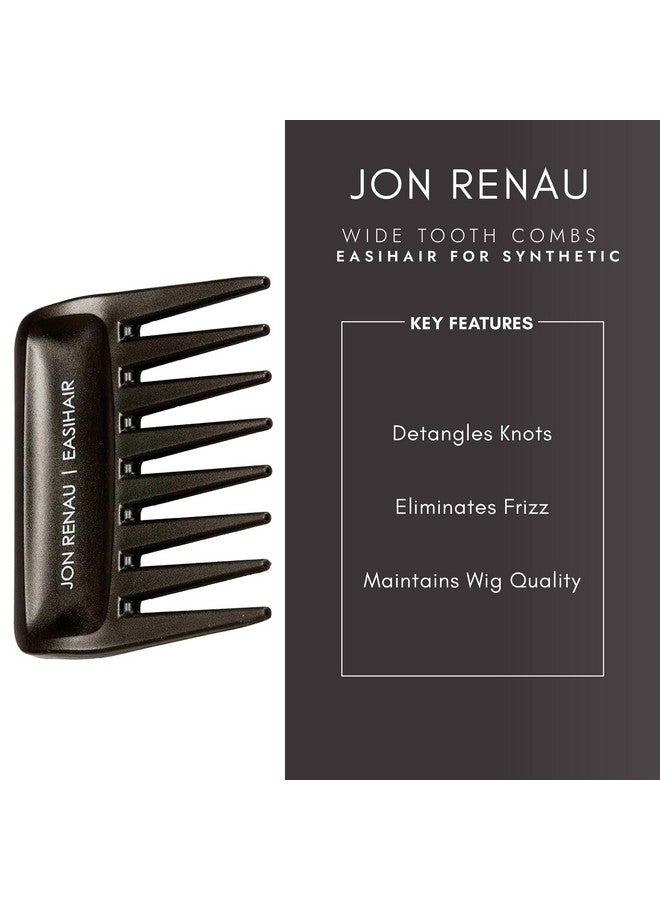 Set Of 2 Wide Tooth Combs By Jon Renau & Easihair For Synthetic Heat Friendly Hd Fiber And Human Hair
* * *
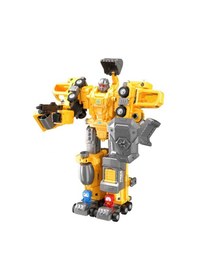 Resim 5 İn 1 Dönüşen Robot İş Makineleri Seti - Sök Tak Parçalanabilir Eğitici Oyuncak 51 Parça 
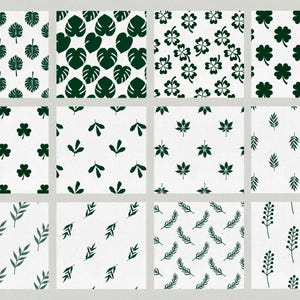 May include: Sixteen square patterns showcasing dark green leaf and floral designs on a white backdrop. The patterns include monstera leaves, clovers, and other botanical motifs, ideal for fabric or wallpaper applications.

# [WORK TASK]
Without the pictures, give again exactly the lines above starting at the line containing "Resim 5 İn 1" and ending at the line containing "May include: Sixteen".

# [COMPLETED EXERCISE]
 Resim 5 İn 1 Dönüşen Robot İş Makineleri Seti - Sök Tak Parçalanabilir Eğitici Oyuncak 51 Parça 
 May include: Sixteen square patterns showcasing dark green leaf and floral designs on a white backdrop. The patterns include monstera leaves, clovers, and other botanical motifs, ideal for fabric or wallpaper applications.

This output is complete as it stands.